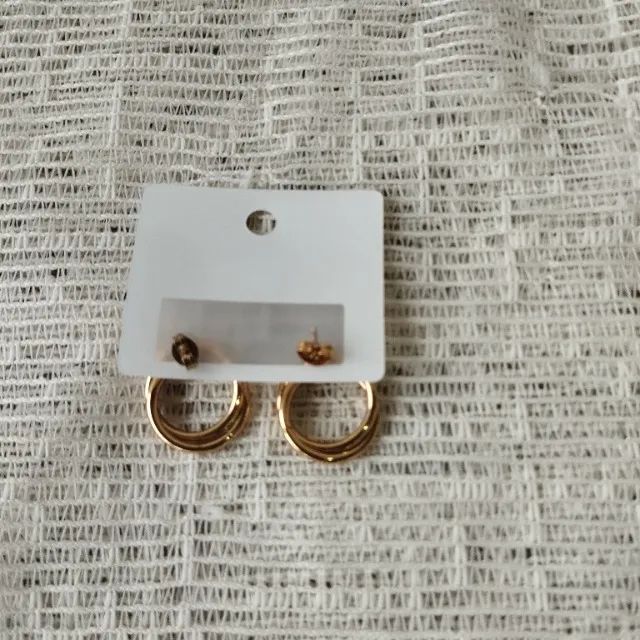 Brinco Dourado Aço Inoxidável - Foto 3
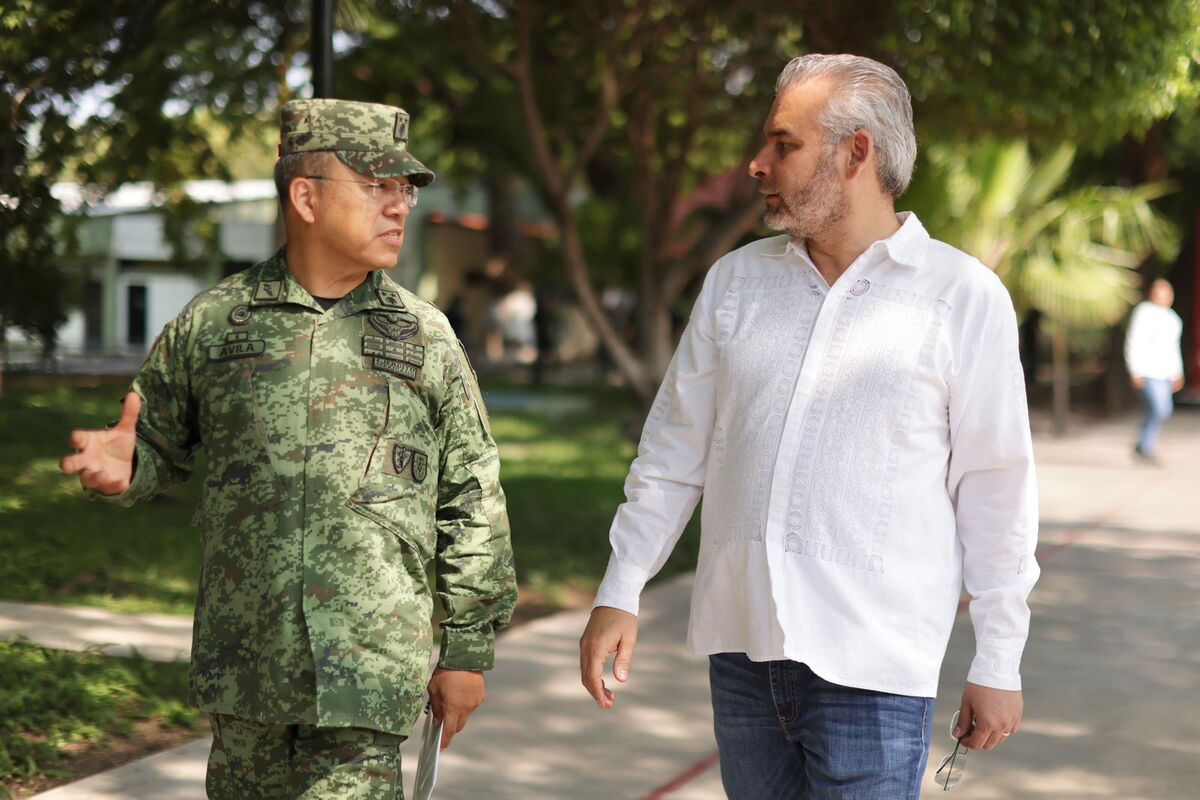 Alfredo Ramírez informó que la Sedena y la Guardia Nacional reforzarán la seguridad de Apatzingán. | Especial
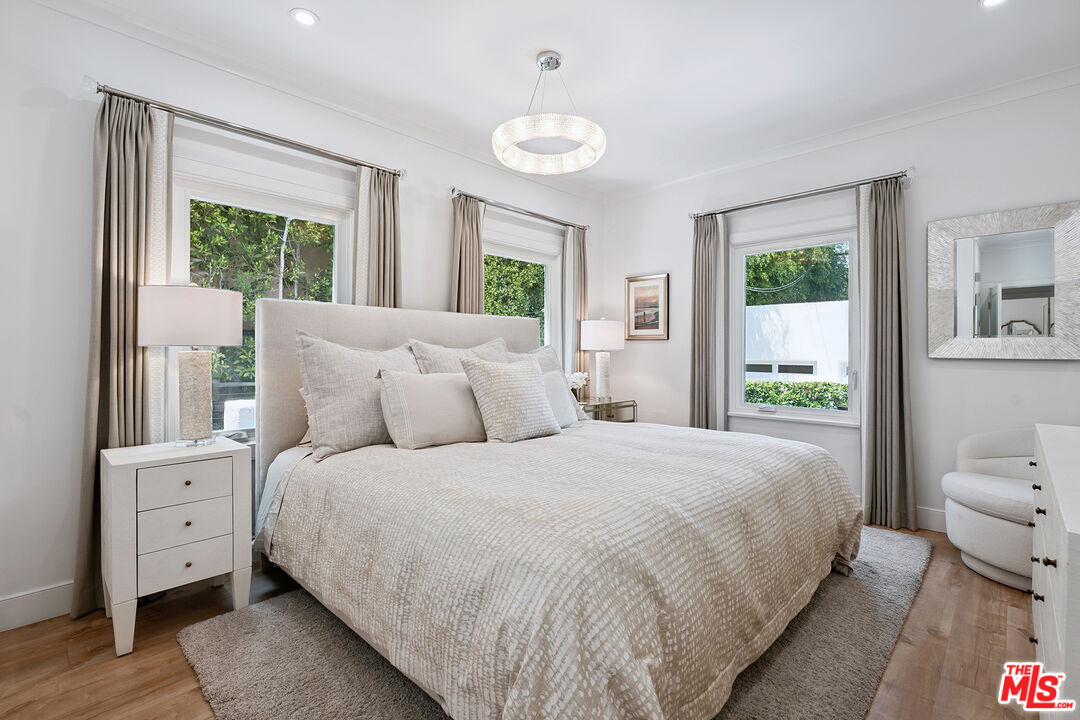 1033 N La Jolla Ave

++++

Word for word, quote the lines above. Omit the pictures.

 Brinco Dourado Aço Inoxidável - Foto 3
 Alfredo Ramírez informó que la Sedena y la Guardia Nacional reforzarán la seguridad de Apatzingán. | Especial
 1033 N La Jolla Ave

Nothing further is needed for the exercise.